■ WHAT IS EXPECTED
From the line containing "Wilga fade clear sunglasses with wooden arms" down to the last line of the material, output each line exactly as it appears, excluding pictures.

■ DATASET SECTION
....
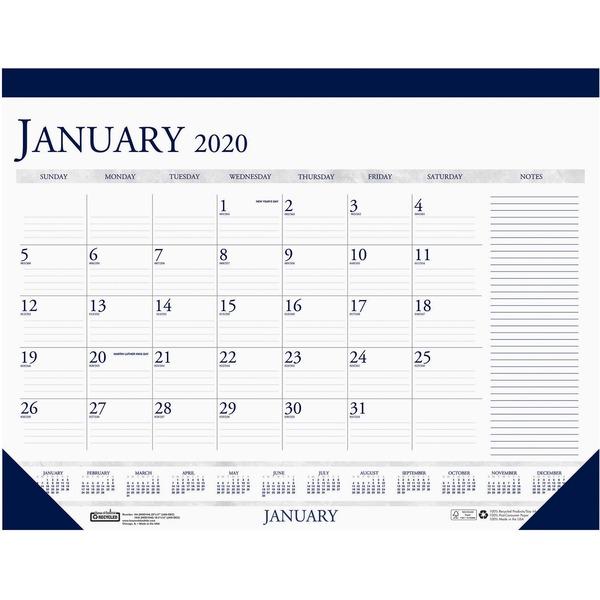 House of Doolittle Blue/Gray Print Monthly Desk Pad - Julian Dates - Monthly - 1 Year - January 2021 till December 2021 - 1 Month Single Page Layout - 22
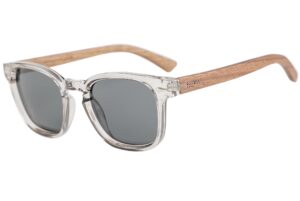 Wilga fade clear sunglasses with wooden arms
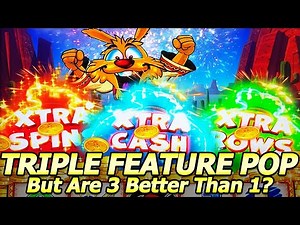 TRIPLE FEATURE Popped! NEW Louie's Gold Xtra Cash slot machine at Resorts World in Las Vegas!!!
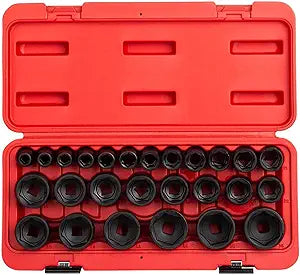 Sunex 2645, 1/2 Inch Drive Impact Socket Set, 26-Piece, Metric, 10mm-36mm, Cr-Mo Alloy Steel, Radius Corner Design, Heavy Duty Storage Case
....
■ TASK SOLUTION
 Wilga fade clear sunglasses with wooden arms
 TRIPLE FEATURE Popped! NEW Louie's Gold Xtra Cash slot machine at Resorts World in Las Vegas!!!
 Sunex 2645, 1/2 Inch Drive Impact Socket Set, 26-Piece, Metric, 10mm-36mm, Cr-Mo Alloy Steel, Radius Corner Design, Heavy Duty Storage Case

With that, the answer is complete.